Our View: Forbes ranking says little about Maine

Forbes Magazine has once again ranked Maine as the worst state in the nation for business, once again teeing up a political fight on economic policy. Gov. LePage, once again, has seized on the report claiming that it supports his program of reform, but the public has a right to be skeptical.

Last year, the governor got in trouble for relating a conversation he had with the magazine's staff, who he said told him we had too many people on welfare. The magazine published a blog entry that said that conversation never happened, and welfare is not even on the list of factors in its rating.

This year, the governor issued a statement saying: "During the past two years, I have advocated over and over again for changes that will improve Maine's economy. We've got to get serious about lowering energy costs, improving education and paying our bills."

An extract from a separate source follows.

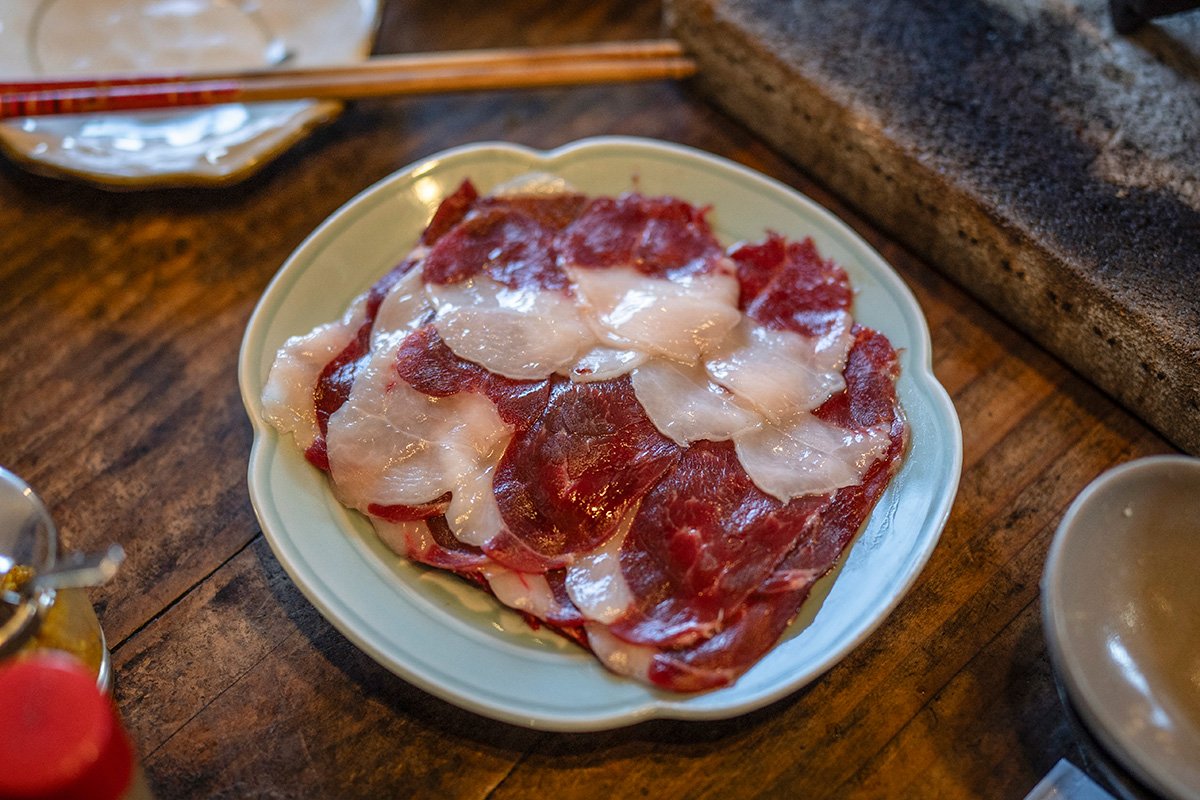 皿に盛り付けられたクマ肉のスライス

But Maine has the lowest energy costs in the region, and it was beaten by every state in New England on the Forbes list. State indebtedness is not one of the factors Forbes lists to come up with its ranking, and if it were, Maine would probably do well compared to many other states.

It is impossible to see how Maine could lower its energy costs and pay off enough bonds to bring it any higher in this kind of contest.

Forbes does not say how it weights the different factors, but it's clear that Maine has some characteristics that no governor could change. For instance, the Forbes report notes that Maine has the highest median age in the nation, while the No. 1 state in the ratings, Utah, has the lowest.

Maine is also criticized for being the headquarters of few large companies; however, its culture of small businesses is often cited as a positive factor by people who live and do business here.

The one area on LePage's agenda that could affect Maine's position on the list is education, and this is an area that the majority Democrats in the Legislature have said they have ideas they want to work on, too. Investments in work force development, which narrows the gap between Maine residents' skills and the types of jobs available, would have a long-term positive effect on the state's economy.

What would also help would be if the governor would use his prominent position to promote Maine business-friendliness instead of reinforcing the negative image the Forbes ranking provides. There's a lot good going on here, and Maine's governor should be telling people about it.